Dlaczego obchodzimy święta Bożego Narodzenia?
– Bo w nocy się urodził Pan Jezus.
− Bo Pan Bóg przyszedł na świat i przez to tak się nazywają.
− Bo wtedy przychodzi św. Mikołaj.
 
Jak przygotowujemy się do świąt?
– Ubieram z tatą choinkę, piekę z mamą pierniki i przygotowuję potrawy.
− Chodzimy po zakupy.
− Pomagam mamie w cieście, a tacie w choince.
− Ubieramy się na galowo.
– Robimy potrawy na wigilię, kupujemy opłatki.
 
A co wtedy jest w kościele?
− W kościele jest drabinka i Pan Jezus schodzi po niej na dół, i jak będzie 24 grudnia to zejdzie na podłogę.
− Dużo się modlimy i klęczymy.
− Chodzę do kościoła na Roraty na 6.30. Z lampionem. Tata go zrobił.
 
Dlaczego lubisz święta?
– Bo z mamą przygotowujemy potrawy, z tatą ubieram choinkę, rozpakowuję prezenty i spotykam się z całą rodziną.
− Ja okropnie lubię, bo tam są moje urodziny.
− Bo jem słodkie.
− Jemy kolację z rodziną i opłatki.
− Bo wtedy nie idziemy do przedszkola.
− Bo św. Mikołaj przyniesie prezenty!
– Jedziemy do babuni i śpiewamy kolędy.
 
Znasz jakąś kolędę?
− „W blasku boskiej chwały/ śpi Jezusek mały/ dla Niego śpiewamy”.
− Mogę zaśpiewać piosenkę taką, co na rytmice: „Zimowa pora/ choinka zielona/ pierwsza gwiazdka świeci/ cieszą się już dzieci/ mrugnij gwiazdko raz dwa trzy/ niech Mikołaj znajdzie drogę do mych drzwi”.
 
Jak wyglądał Pan Jezus, kiedy się urodził?
– Nie wiem… Był szczupły i mały, miał lekko kręcone, brązowe włosy.
− Był mały, ubrany był w malutkie śpioszki, Matka Boża okryła Go ręcznikiem.
− Myślę, że był piękny.
− Był tyci, tyci.
− Był bobasem, a teraz jest starszy i ma 2000 lat. Jak się Pan Jezus urodził, to Maryja i Józef się ucieszyli.

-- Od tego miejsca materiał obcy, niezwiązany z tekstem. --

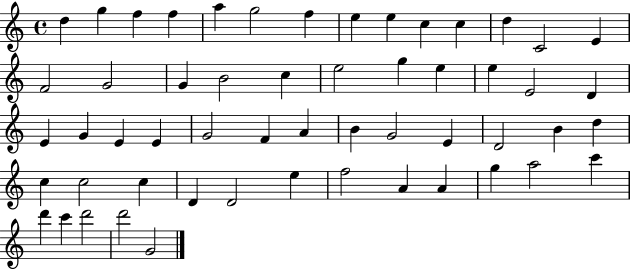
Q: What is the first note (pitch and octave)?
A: D5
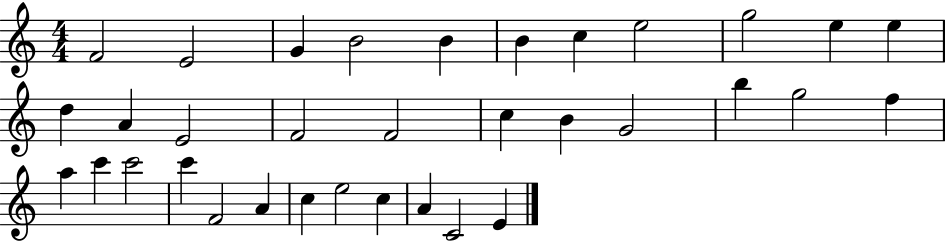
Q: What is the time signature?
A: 4/4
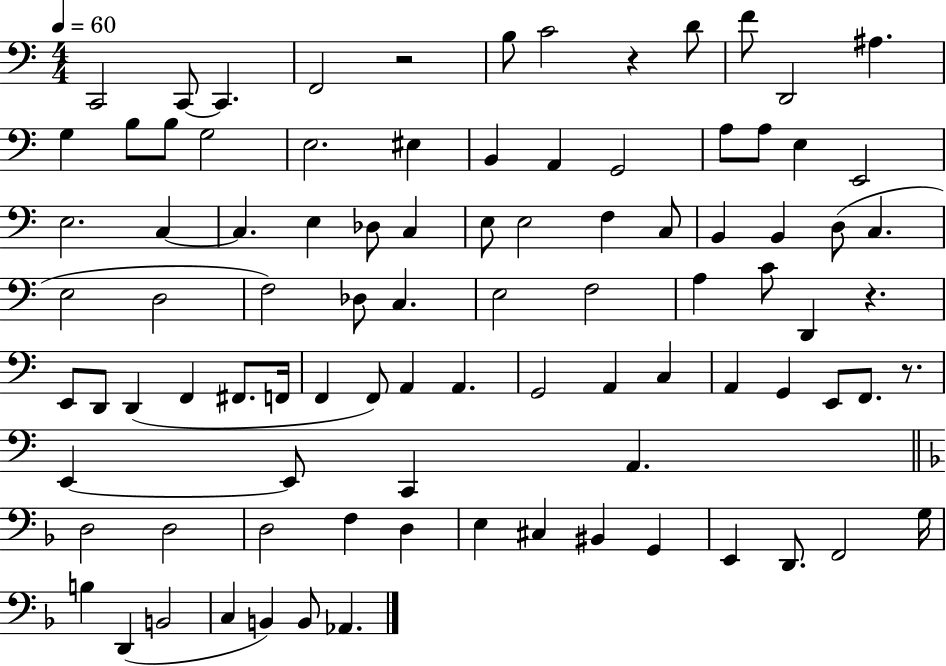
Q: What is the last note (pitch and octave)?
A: Ab2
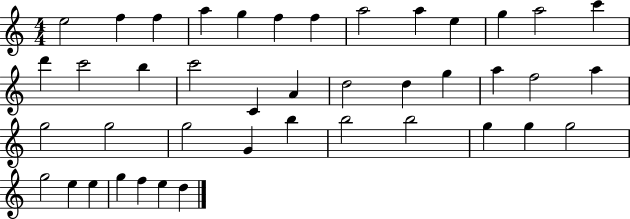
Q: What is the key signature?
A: C major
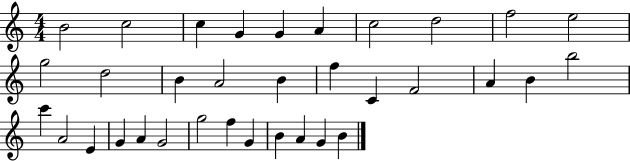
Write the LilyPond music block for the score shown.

{
  \clef treble
  \numericTimeSignature
  \time 4/4
  \key c \major
  b'2 c''2 | c''4 g'4 g'4 a'4 | c''2 d''2 | f''2 e''2 | \break g''2 d''2 | b'4 a'2 b'4 | f''4 c'4 f'2 | a'4 b'4 b''2 | \break c'''4 a'2 e'4 | g'4 a'4 g'2 | g''2 f''4 g'4 | b'4 a'4 g'4 b'4 | \break \bar "|."
}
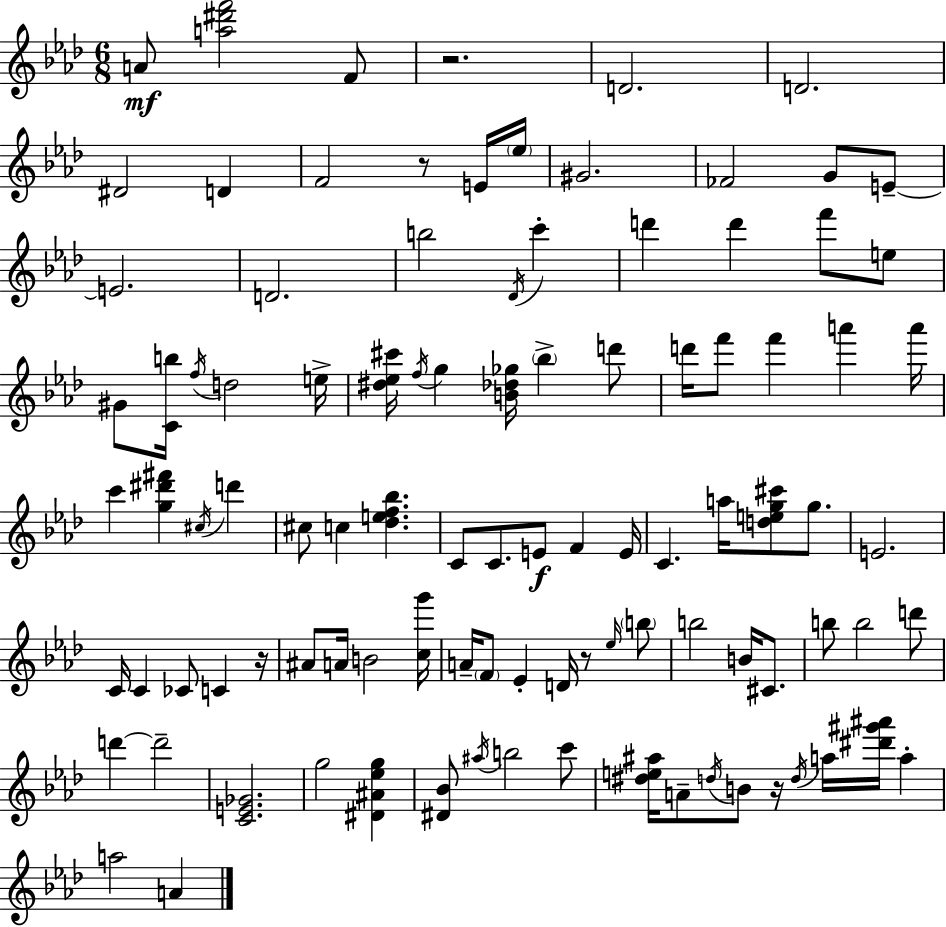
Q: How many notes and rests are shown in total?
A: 100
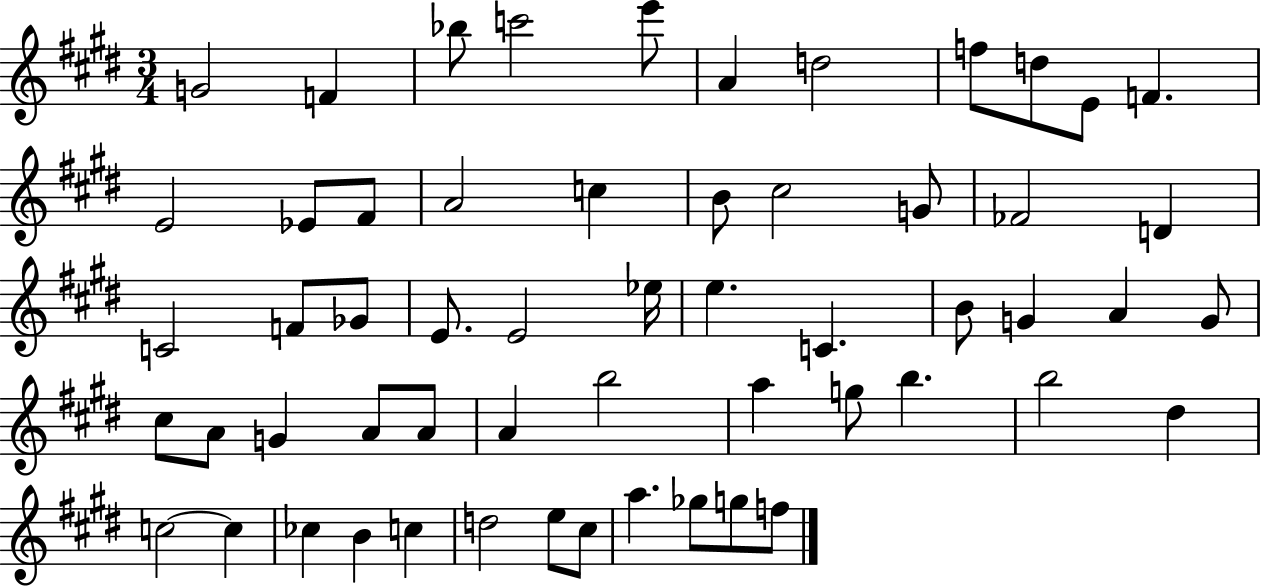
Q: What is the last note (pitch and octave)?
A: F5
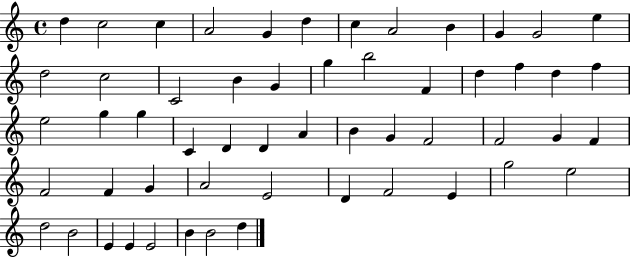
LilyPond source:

{
  \clef treble
  \time 4/4
  \defaultTimeSignature
  \key c \major
  d''4 c''2 c''4 | a'2 g'4 d''4 | c''4 a'2 b'4 | g'4 g'2 e''4 | \break d''2 c''2 | c'2 b'4 g'4 | g''4 b''2 f'4 | d''4 f''4 d''4 f''4 | \break e''2 g''4 g''4 | c'4 d'4 d'4 a'4 | b'4 g'4 f'2 | f'2 g'4 f'4 | \break f'2 f'4 g'4 | a'2 e'2 | d'4 f'2 e'4 | g''2 e''2 | \break d''2 b'2 | e'4 e'4 e'2 | b'4 b'2 d''4 | \bar "|."
}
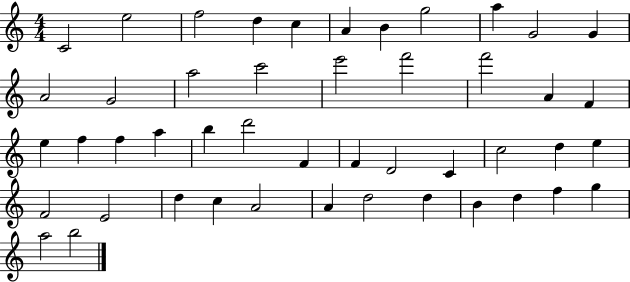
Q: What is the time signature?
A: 4/4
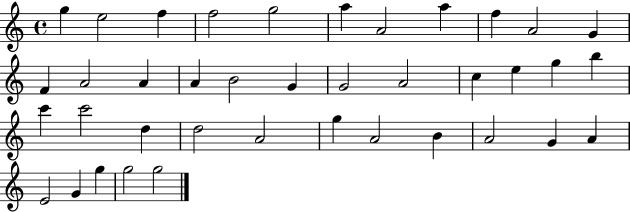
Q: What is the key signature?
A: C major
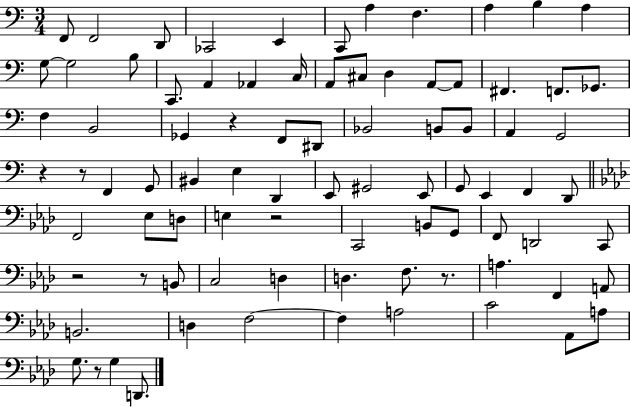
X:1
T:Untitled
M:3/4
L:1/4
K:C
F,,/2 F,,2 D,,/2 _C,,2 E,, C,,/2 A, F, A, B, A, G,/2 G,2 B,/2 C,,/2 A,, _A,, C,/4 A,,/2 ^C,/2 D, A,,/2 A,,/2 ^F,, F,,/2 _G,,/2 F, B,,2 _G,, z F,,/2 ^D,,/2 _B,,2 B,,/2 B,,/2 A,, G,,2 z z/2 F,, G,,/2 ^B,, E, D,, E,,/2 ^G,,2 E,,/2 G,,/2 E,, F,, D,,/2 F,,2 _E,/2 D,/2 E, z2 C,,2 B,,/2 G,,/2 F,,/2 D,,2 C,,/2 z2 z/2 B,,/2 C,2 D, D, F,/2 z/2 A, F,, A,,/2 B,,2 D, F,2 F, A,2 C2 _A,,/2 A,/2 G,/2 z/2 G, D,,/2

Rodzice zawsze się cieszą, jak się pierwsze dziecko rodzi. 

Dlaczego urodził się w stajence?
– Bo nie było dla Niego miejsca w innym domu.
− Bo tam mieszkali Jego rodzice.
− Bo tam nie było domów.

A kto wysłał ich do tej stajenki?
− Jakiś człowiek w Betlejem.
 
A gdzie leżał Pan Jezus?
− Na sianie w żłóbku. Żeby było Mu wygodniej.
 
Czy Panu Jezusowi było ciepło w tej stajence?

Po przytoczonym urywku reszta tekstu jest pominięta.